**Work required**
The records below need to come back exactly as they are, pictures omitted.

**Records from a data collection**
--*--

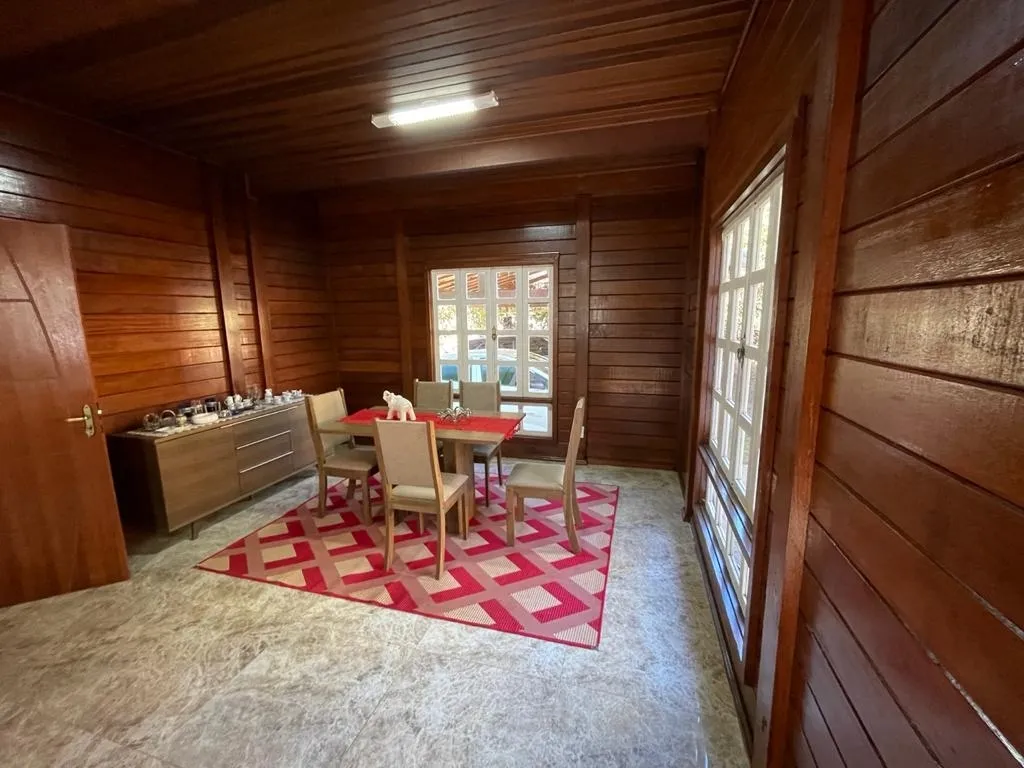 Imagem Casa à venda no bairro Condados da Lagoa - Lagoa Santa/MG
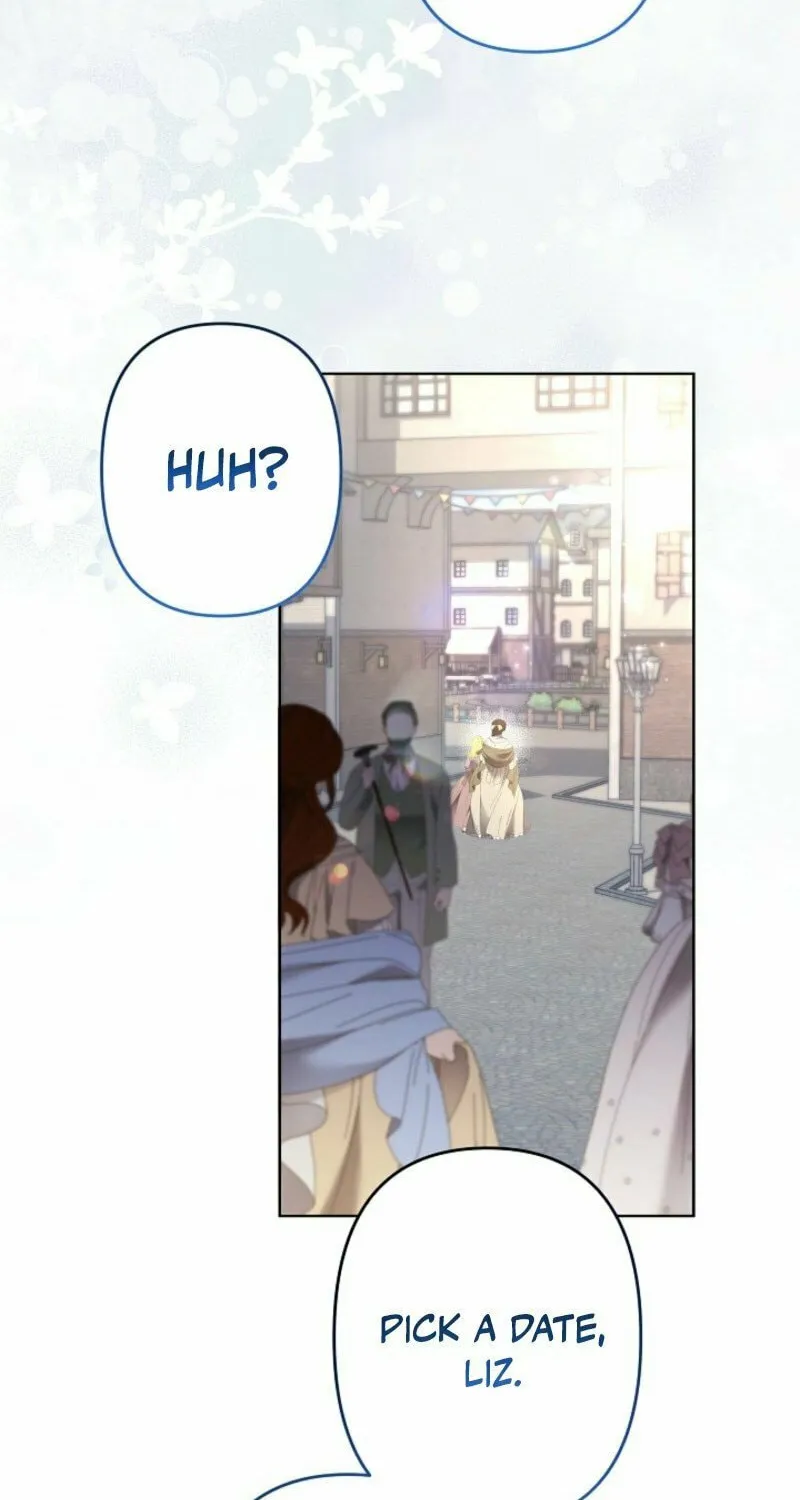 I Need to Raise My Sister Right Chapter 100 page 58 - 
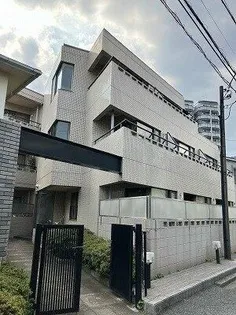 東京都中野区弥生町3丁目【マンション】の外観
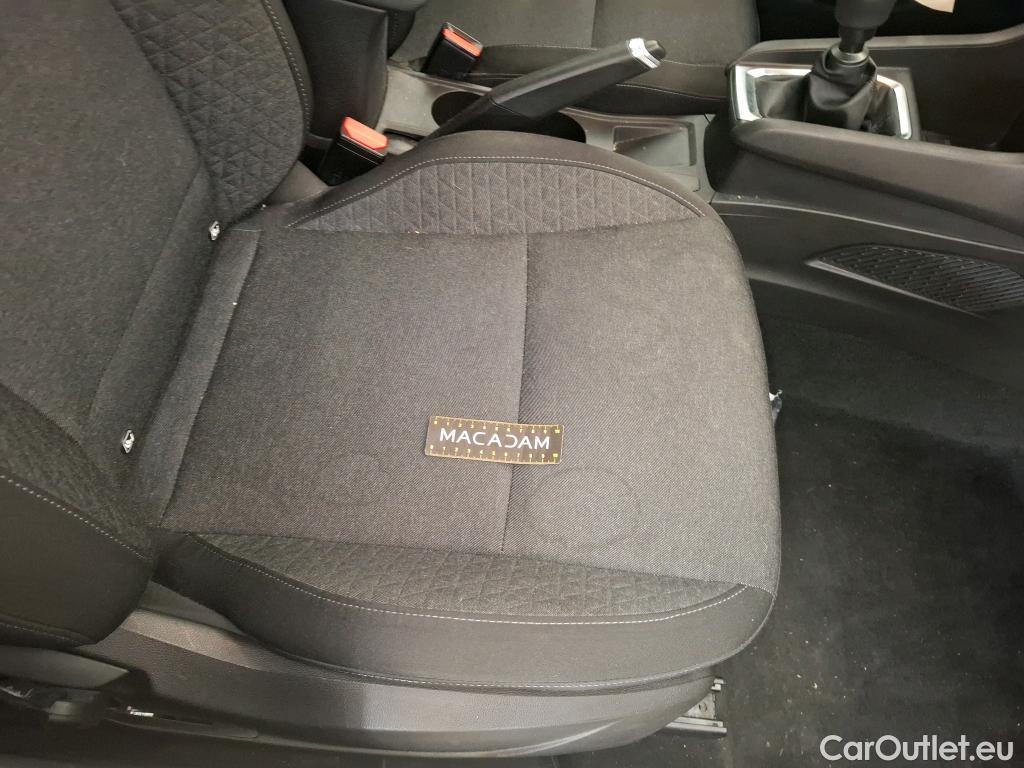  Renault  Clio  V Business 1.5 dCi 85CV BVM6 E6dT #17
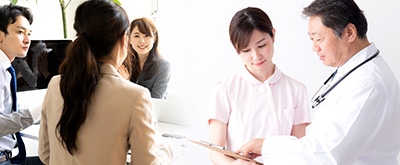 ドクター・法人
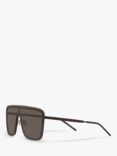 Yves Saint Laurent SL 364 Unisex Rectangular Sunglasses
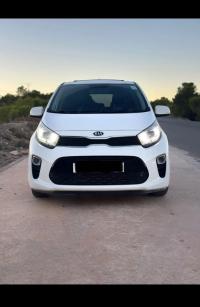 سيارات-kia-picanto-2019-ex-الجلفة-الجزائر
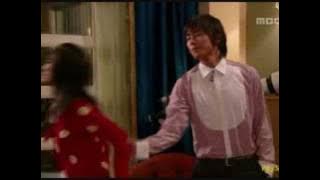 Download lagu Hate That I Love You - Goong MV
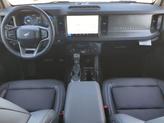 Thumbnail of 2025 Gray Ford Bronco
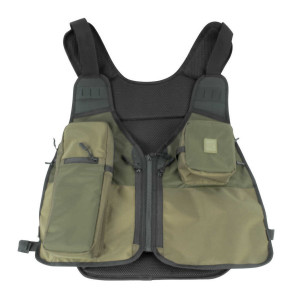KORUM Glide Roving Vest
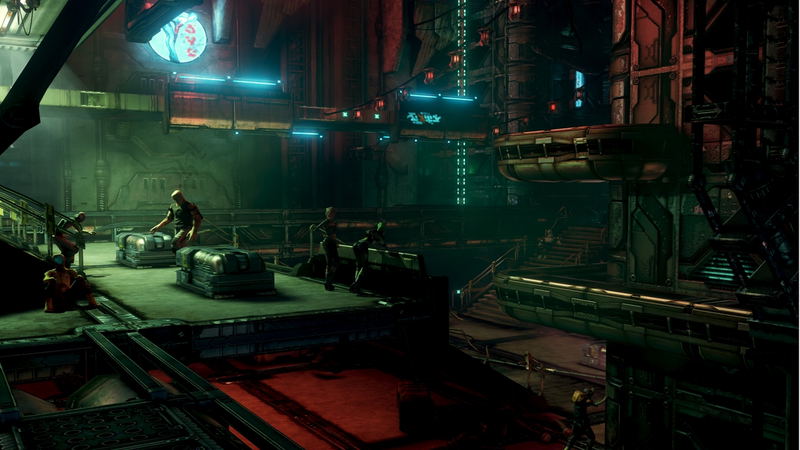 Prey 2 image 11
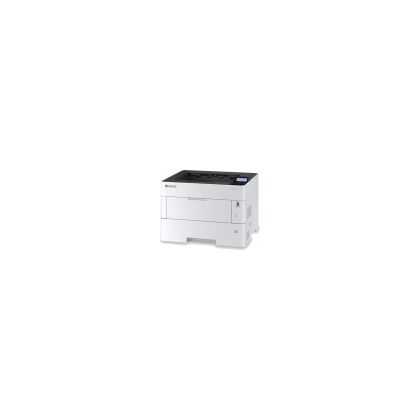 Принтер Kyocera  P4140dn [А3/ Лазерная/ Черно-белая/ Дуплекс/ USB/ RJ-45] (1102Y43NL0)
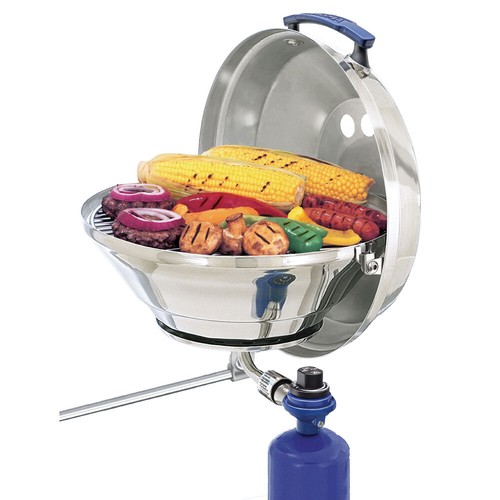 Magma marine kettle gas - marine,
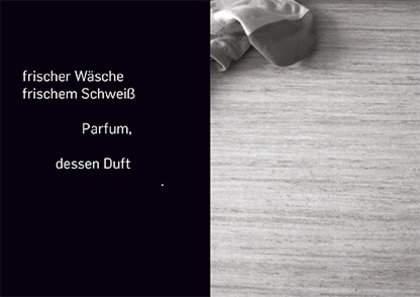 Lee Na Yeon In-between Prof. Klaus Hesse University of Art and Design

--*--

**Response to this task**
 Imagem Casa à venda no bairro Condados da Lagoa - Lagoa Santa/MG
 I Need to Raise My Sister Right Chapter 100 page 58 - 
 東京都中野区弥生町3丁目【マンション】の外観
  Renault  Clio  V Business 1.5 dCi 85CV BVM6 E6dT #17
 ドクター・法人
 Yves Saint Laurent SL 364 Unisex Rectangular Sunglasses
 سيارات-kia-picanto-2019-ex-الجلفة-الجزائر
 Download lagu Hate That I Love You - Goong MV
 Thumbnail of 2025 Gray Ford Bronco
KORUM Glide Roving Vest
 Prey 2 image 11
 Принтер Kyocera  P4140dn [А3/ Лазерная/ Черно-белая/ Дуплекс/ USB/ RJ-45] (1102Y43NL0)
 Magma marine kettle gas - marine,
 Lee Na Yeon In-between Prof. Klaus Hesse University of Art and Design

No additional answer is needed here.